Nation in brief: Obama signs law restoring benefits

President Barack Obama signs emergency unemployment benefits legislation Thursday.  (Associated Press)

Washington – Federal checks could begin flowing again as early as next week to millions of jobless people who lost up to seven weeks of unemployment benefits in a congressional standoff.

President Barack Obama on Thursday signed into law a restoration of benefits for people who have been out of work for six months or more.

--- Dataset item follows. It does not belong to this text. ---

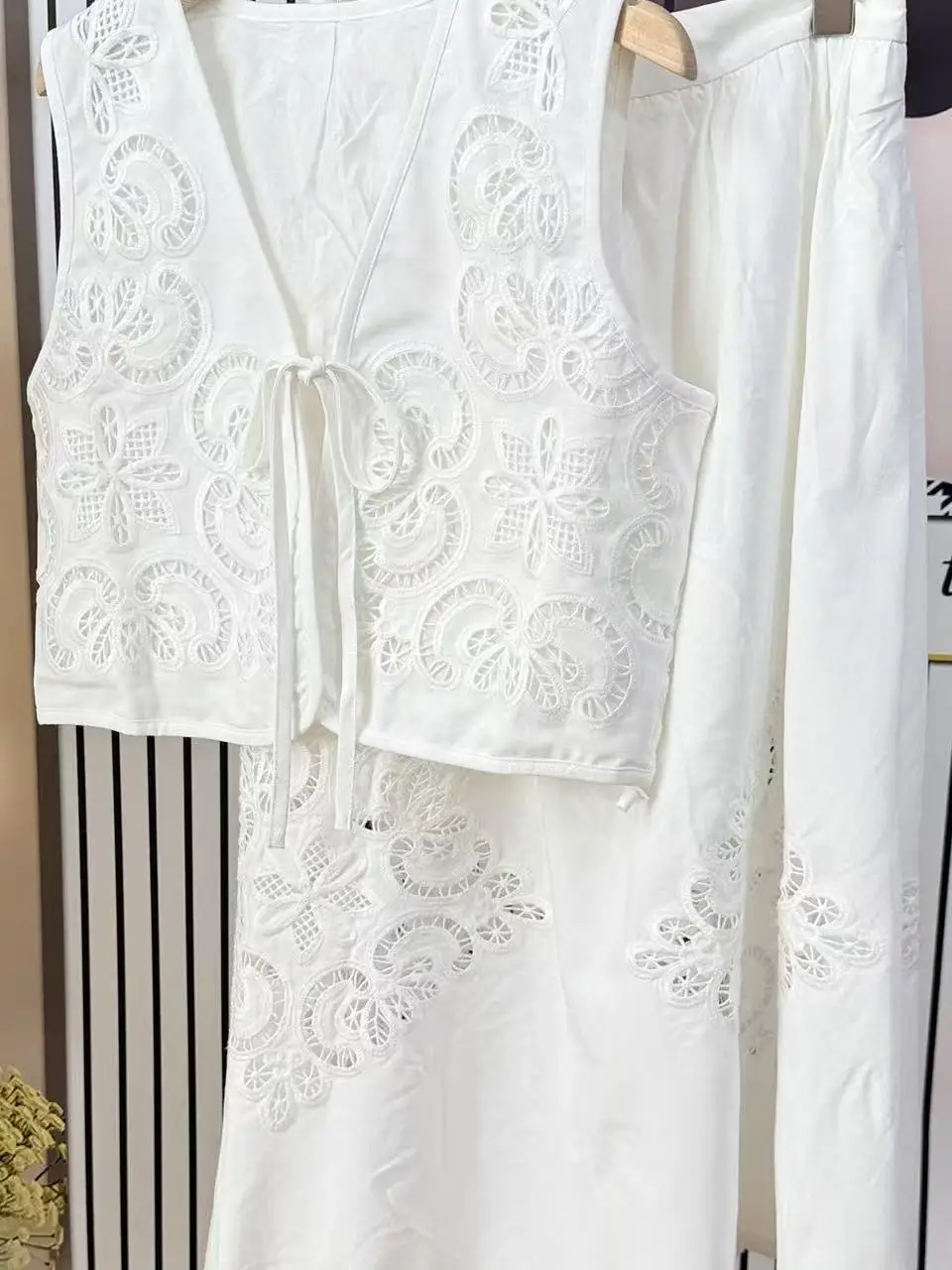 

Elegant Vacation Style White Embroidered Floral V-Neck Belted Vest A-Line Long Skirt Set Spring Summer Fashion Women's Outfits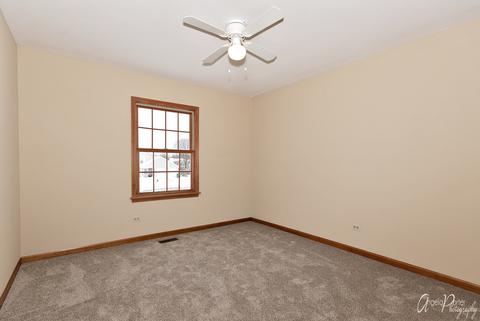 10 Crows Nest Ct, Third Lake, IL 60030 photo 14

Congress gave final approval to the measure earlier in the day.

The move ended an interruption that cut off payments averaging about $300 a week to 2  1/2 million people who have been unable to find work in the aftermath of the nation’s long and deep recession.

Fresno, Calif. – Authorities were investigating the cause of a deadly crash Thursday in California’s Central Valley that killed six people and seriously injured nine others when a Greyhound bus slammed into an overturned SUV.

The bus, carrying 31 passengers on a route from Los Angeles to Sacramento, struck the SUV in front of it, skidded into a concrete center divider and clipped another vehicle shortly after 2 a.m. a few miles from downtown Fresno, California Highway Patrol chief Jim Abrames said.

The bus went off the right shoulder of the highway and down a 15-foot embankment before plowing into a eucalyptus tree and coming to rest on a freeway off-ramp with its front end smashed and tree branches jutting into the vehicle.

New York – The lone person criminally charged in a construction crane collapse that killed seven people was acquitted Thursday after challenging the conclusion prosecutors, federal regulators and city officials had all reached about what caused the accident.

Crane rigger William Rapetti’s acquittal shifts the debate over responsibility for the March 2008 collapse into civil court, where some of the roster of lawsuits against Rapetti and others are due to start going to trial next month. His criminal trial – which offered competing accounts of bad crane parts and poor judgment – is likely to help shape the civil cases, attorneys say.